| EXERCISE DESCRIPTION |
Once the line with "Overhead oven roasted" is found in the entries below, repeat it and each following line exactly, up to and including the line with "photo of my". Add no other lines.

| DATASET EXCERPTS |
= Beginning of Section =

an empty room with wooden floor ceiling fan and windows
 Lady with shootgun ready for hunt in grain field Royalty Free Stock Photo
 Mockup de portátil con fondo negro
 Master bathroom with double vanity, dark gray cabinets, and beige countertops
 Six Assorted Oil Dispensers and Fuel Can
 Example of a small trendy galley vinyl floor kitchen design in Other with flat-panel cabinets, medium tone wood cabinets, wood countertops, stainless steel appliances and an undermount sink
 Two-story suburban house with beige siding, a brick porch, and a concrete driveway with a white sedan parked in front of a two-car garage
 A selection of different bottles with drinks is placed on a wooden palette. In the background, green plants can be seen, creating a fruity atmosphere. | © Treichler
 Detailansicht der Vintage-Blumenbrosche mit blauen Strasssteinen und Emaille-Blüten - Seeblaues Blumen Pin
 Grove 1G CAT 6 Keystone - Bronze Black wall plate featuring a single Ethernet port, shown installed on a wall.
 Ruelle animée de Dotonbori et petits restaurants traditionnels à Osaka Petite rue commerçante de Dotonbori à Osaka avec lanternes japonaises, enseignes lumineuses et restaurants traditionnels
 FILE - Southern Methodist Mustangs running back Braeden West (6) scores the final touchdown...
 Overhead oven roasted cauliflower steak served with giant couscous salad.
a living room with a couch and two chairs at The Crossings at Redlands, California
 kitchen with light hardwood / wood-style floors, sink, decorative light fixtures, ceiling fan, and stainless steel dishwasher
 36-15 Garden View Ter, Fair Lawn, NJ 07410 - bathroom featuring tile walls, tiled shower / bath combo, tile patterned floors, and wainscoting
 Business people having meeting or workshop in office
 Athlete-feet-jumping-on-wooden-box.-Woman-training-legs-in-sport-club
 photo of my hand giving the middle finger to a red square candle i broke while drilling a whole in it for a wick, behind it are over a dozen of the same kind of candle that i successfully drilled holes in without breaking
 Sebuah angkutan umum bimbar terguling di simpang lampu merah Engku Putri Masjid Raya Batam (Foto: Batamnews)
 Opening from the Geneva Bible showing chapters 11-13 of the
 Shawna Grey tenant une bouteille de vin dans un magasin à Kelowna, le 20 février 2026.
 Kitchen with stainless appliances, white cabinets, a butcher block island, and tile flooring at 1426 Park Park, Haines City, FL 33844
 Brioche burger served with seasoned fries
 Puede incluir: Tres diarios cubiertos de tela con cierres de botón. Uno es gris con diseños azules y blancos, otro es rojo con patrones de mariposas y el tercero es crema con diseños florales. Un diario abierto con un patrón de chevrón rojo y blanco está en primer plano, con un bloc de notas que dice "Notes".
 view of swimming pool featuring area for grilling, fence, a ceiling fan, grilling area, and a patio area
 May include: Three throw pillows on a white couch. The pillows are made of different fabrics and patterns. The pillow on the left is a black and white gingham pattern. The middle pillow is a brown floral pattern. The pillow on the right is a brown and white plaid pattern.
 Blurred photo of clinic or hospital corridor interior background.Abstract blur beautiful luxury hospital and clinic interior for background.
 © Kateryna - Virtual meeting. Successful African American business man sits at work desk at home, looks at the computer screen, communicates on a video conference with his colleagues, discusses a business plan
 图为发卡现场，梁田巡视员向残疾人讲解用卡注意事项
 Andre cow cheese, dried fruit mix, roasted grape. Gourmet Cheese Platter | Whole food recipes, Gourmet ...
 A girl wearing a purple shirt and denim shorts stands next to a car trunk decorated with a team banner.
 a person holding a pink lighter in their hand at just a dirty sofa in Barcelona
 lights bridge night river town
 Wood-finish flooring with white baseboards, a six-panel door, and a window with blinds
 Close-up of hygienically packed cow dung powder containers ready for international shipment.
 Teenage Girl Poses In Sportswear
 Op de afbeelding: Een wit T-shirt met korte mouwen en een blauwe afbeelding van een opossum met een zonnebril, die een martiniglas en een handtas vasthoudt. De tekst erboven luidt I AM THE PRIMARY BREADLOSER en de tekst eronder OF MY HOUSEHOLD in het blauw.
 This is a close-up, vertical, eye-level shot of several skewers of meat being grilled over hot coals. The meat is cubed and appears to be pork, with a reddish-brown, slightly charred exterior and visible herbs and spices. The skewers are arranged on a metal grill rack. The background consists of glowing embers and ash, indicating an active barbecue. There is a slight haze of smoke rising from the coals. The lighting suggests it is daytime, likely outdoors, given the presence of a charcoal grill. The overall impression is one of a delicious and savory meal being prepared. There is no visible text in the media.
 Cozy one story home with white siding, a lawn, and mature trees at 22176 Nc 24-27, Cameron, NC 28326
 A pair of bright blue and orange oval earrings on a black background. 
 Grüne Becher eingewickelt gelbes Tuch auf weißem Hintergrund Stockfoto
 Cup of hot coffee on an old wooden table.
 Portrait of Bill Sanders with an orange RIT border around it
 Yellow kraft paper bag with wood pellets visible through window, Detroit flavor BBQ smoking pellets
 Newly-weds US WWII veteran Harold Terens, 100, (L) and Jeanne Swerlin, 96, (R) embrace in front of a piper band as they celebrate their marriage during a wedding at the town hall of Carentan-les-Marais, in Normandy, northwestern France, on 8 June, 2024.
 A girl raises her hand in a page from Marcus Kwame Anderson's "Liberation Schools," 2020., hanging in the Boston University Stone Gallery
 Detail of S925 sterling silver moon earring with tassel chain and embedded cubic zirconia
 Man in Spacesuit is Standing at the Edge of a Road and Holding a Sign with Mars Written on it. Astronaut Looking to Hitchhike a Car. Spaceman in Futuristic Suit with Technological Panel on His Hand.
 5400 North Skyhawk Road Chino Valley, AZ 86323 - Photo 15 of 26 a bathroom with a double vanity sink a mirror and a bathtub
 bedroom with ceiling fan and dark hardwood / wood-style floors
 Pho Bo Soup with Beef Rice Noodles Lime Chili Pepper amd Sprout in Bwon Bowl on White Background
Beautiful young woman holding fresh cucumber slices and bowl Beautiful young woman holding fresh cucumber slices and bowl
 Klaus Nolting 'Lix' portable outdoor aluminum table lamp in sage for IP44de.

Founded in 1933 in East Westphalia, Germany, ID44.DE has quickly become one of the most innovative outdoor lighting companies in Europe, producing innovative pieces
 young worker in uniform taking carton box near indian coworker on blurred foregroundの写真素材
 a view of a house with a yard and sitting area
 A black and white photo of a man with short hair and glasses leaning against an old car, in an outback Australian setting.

= End of Section =

| EXERCISE RESULT |
 Overhead oven roasted cauliflower steak served with giant couscous salad.
a living room with a couch and two chairs at The Crossings at Redlands, California
 kitchen with light hardwood / wood-style floors, sink, decorative light fixtures, ceiling fan, and stainless steel dishwasher
 36-15 Garden View Ter, Fair Lawn, NJ 07410 - bathroom featuring tile walls, tiled shower / bath combo, tile patterned floors, and wainscoting
 Business people having meeting or workshop in office
 Athlete-feet-jumping-on-wooden-box.-Woman-training-legs-in-sport-club
 photo of my hand giving the middle finger to a red square candle i broke while drilling a whole in it for a wick, behind it are over a dozen of the same kind of candle that i successfully drilled holes in without breaking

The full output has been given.